This finished the review, the code looks nice! The speed up in zone parsing is very nice for large datasets.

wcawijngaards commented 6 months ago

Nr. 44. is now fixed by the commit that fixes the comparison to use file->path. So it no longer attempts to free not_a_file.

k0ekk0ek commented 5 months ago

Nr 32. not entirely correct. It only enters the loop if key <= highest_key (so at least one key has been read). If it then detects the key is duplicate, the message is correct because there's indeed a duplicate key. I check for automatically mandatory keys after parsing the list.

wcawijngaards commented 5 months ago

You are right because of that it works to detect key 0, because there is always at least one key already read. There is then still the other parts about not always finding equal keys, or about the difference in code lines: line 601 if (key < smaller_key), line 695 if (key < smaller_key) and line 965 if (key <= smaller_key).

wcawijngaards commented 5 months ago

That was just fixed in the commit just now, the difference in code lines.

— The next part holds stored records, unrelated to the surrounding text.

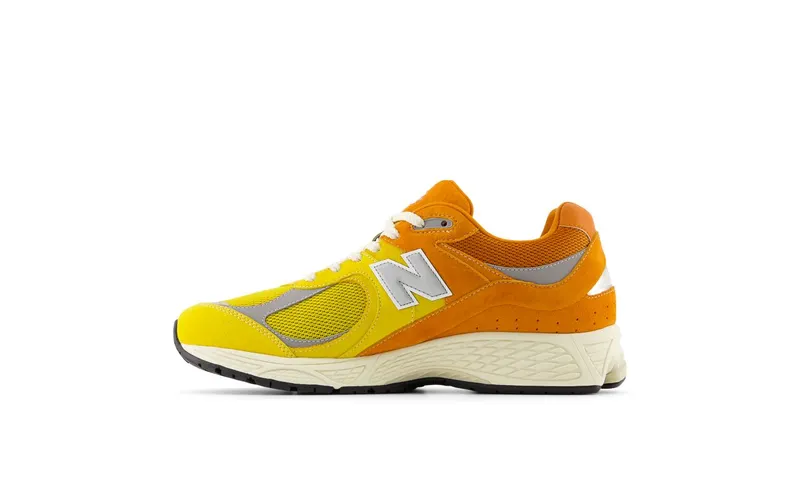 New Balance 2002R “Ginger Lemon” (M2002RPA)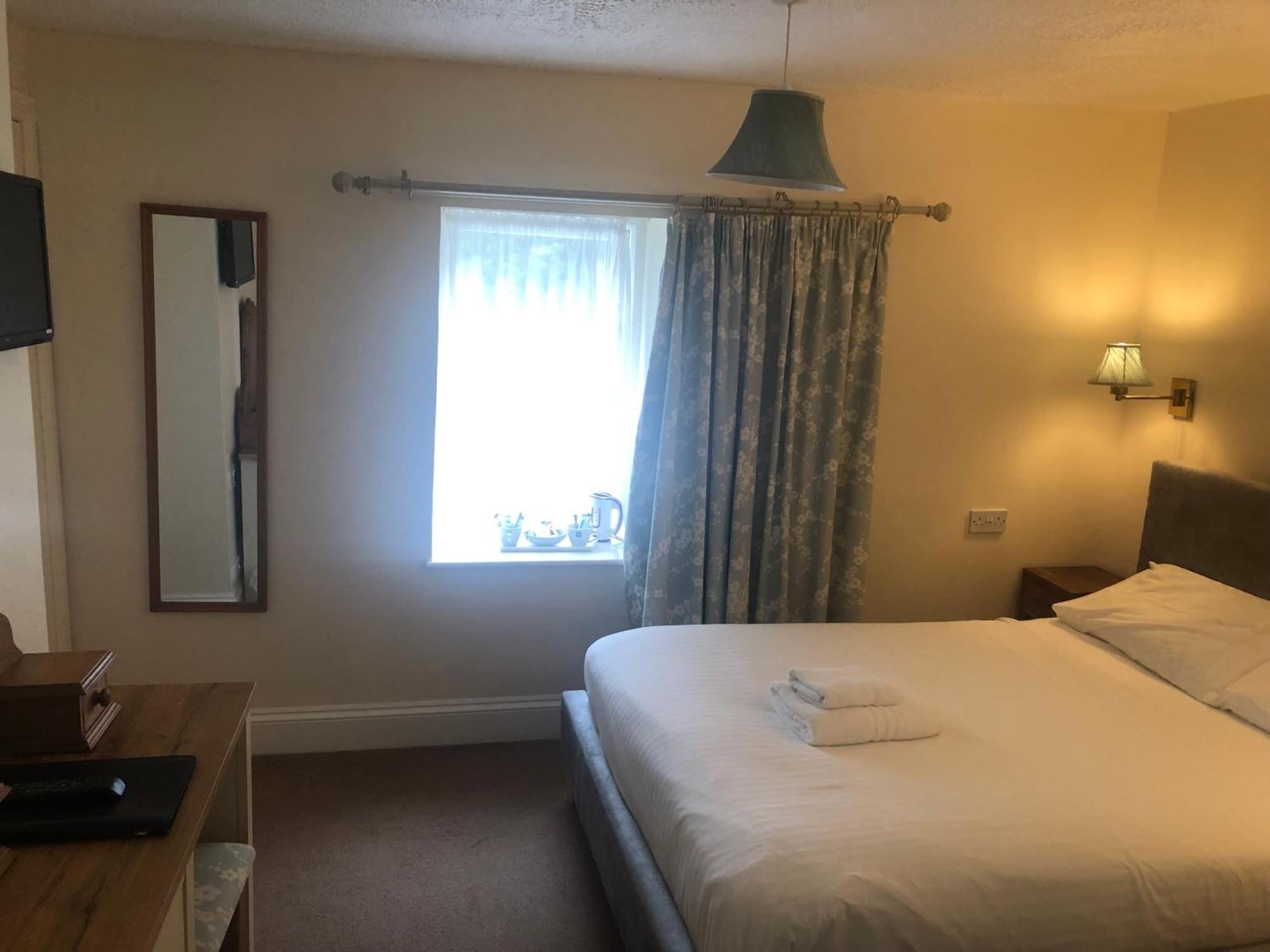 Casa rural Trehellas House & Courthouse Restaurant Bodmin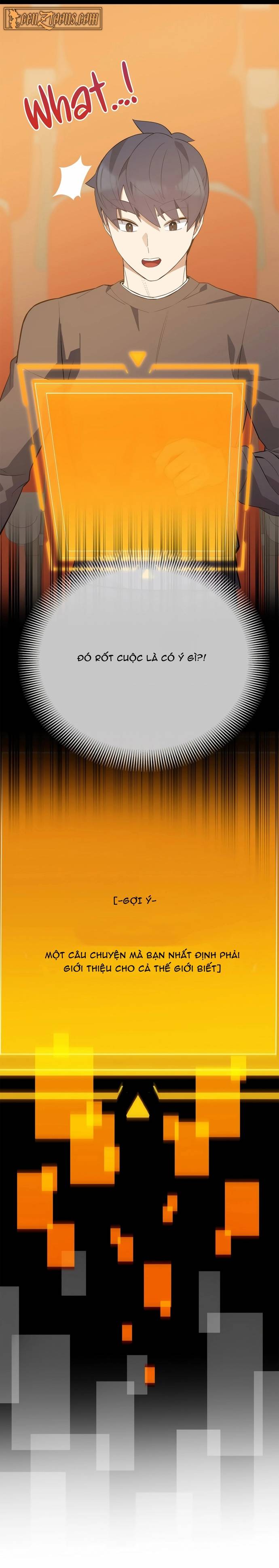 Biên Kịch Gian Lận Chapter 65 - Trang 65
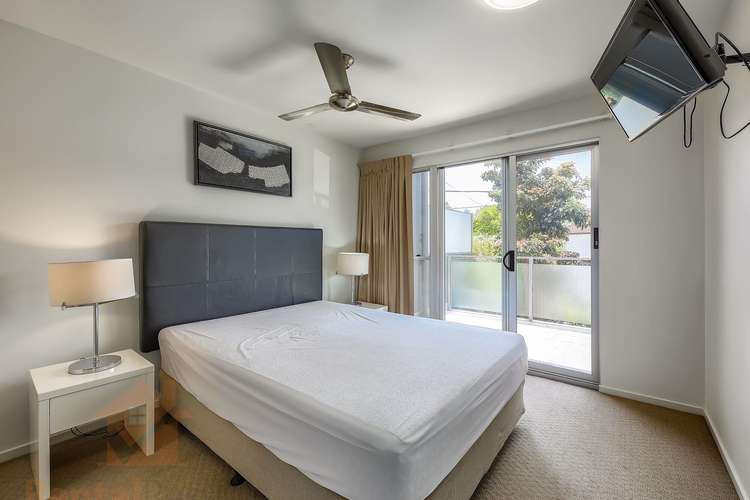 Fourth view of Homely apartment listing, 2/2 Barramul Street, Bulimba QLD 4171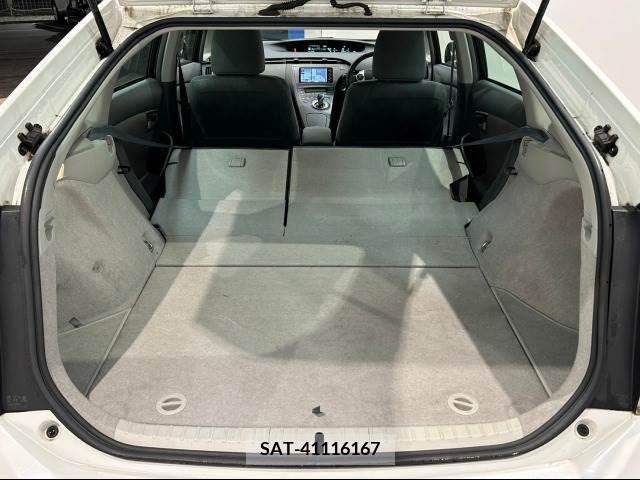 Toyota PRIUS 2011-01 225502-17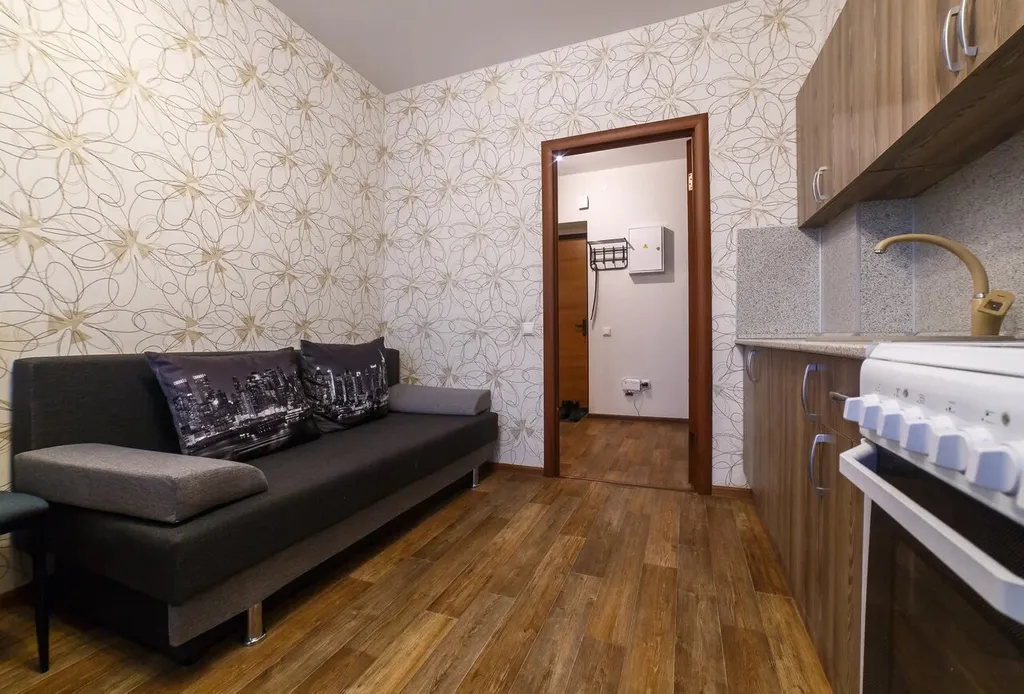 Уютные апартаменты на Заря, 16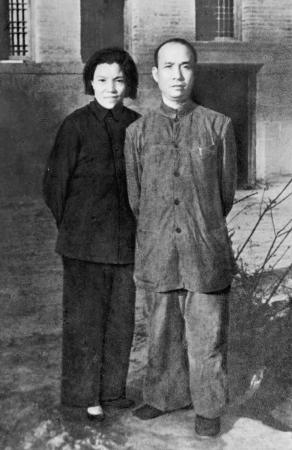 國務院副總理李富春在北京逝世（轉自：歷史上的今天。com）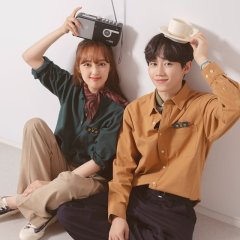 Bora Cafe Korean TV Program photo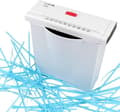 Pikkukuva 1 / 4: Olympia PS36W - Paperinsilppurinauhat 7L P2 Jopa 6 arkkia valkoinen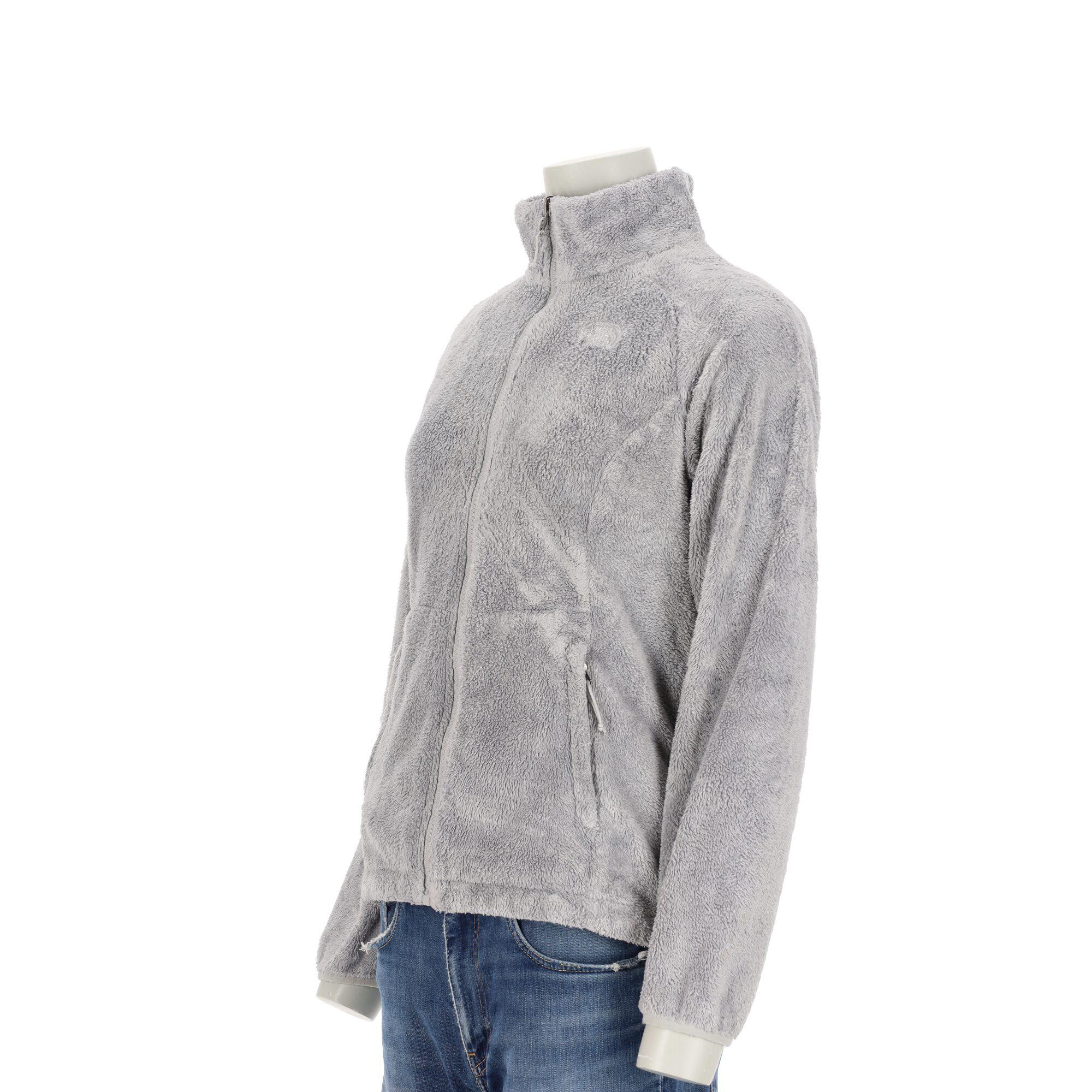 Second hand - The North Face Giacca pile donna Osito - Stato molto buono 4/7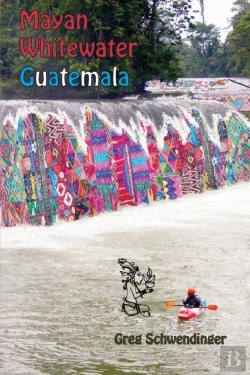 Bertrand.pt - Mayan Whitewater Guatemala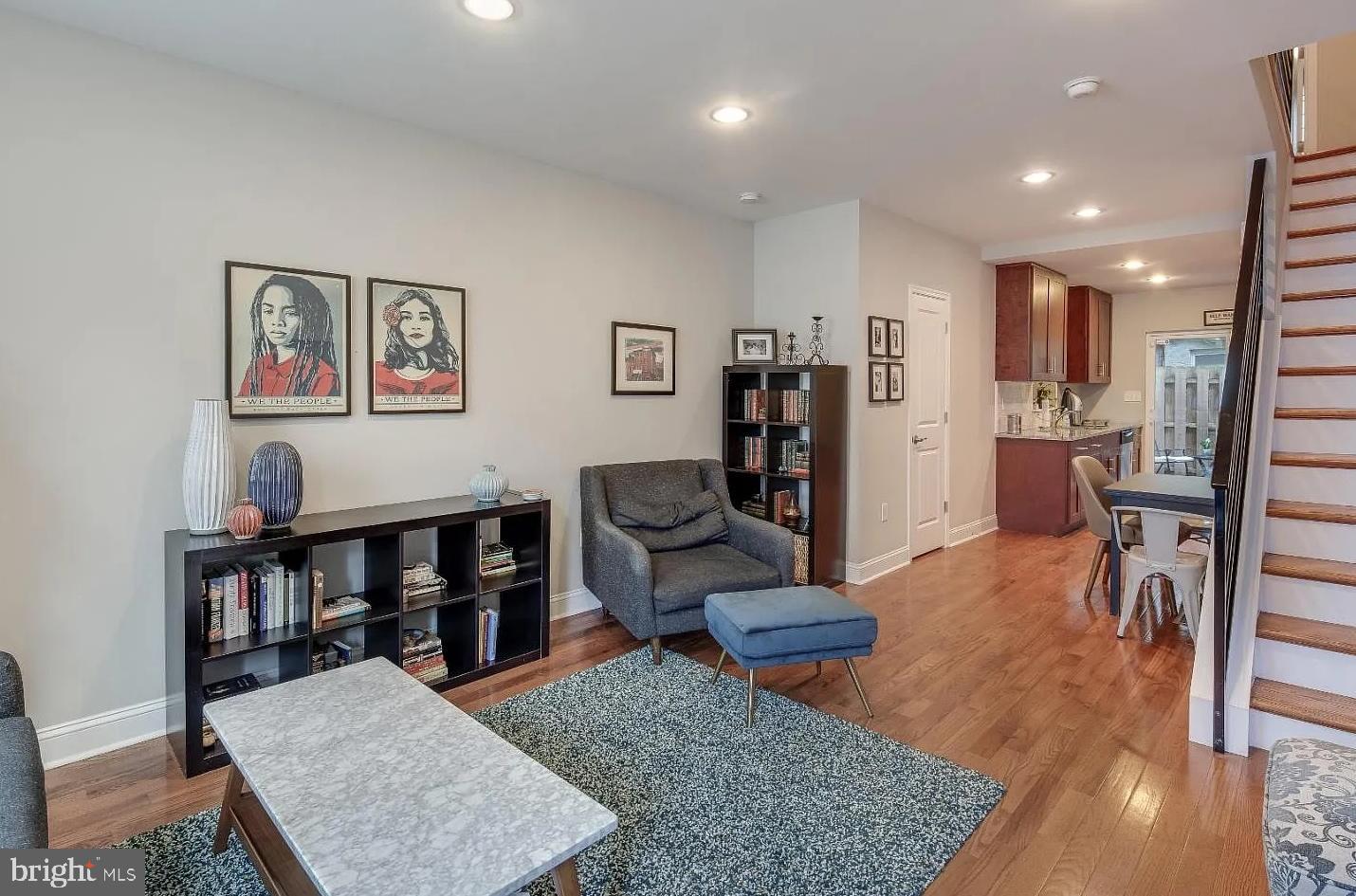 NEWBOLD - Residential Lease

k0ekk0ek commented 5 months ago

I've updated the documentation about "reading past the buffer" in #169. It's not nearly enough to properly explain, but it basically comes down to the scanner guaranteeing only complete tokens are returned. We really don't want to concern the parser with having to deal with partial tokens or anything like that. The input is also always padded with 64-bytes. Combining those two facts, a lot of parsers trust that while they read a character that is part of the contiguous set of characters the next one is either part of that set or a delimiter. For example, if I'm reading an escaped sequence, as long as I'm reading digits it cannot be a delimiter (either for quoted or contiguous) and since the input is guaranteed to be padded I'm save in reading the data. It may be worthwile changing this for the fallback implementation eventually though (see #174)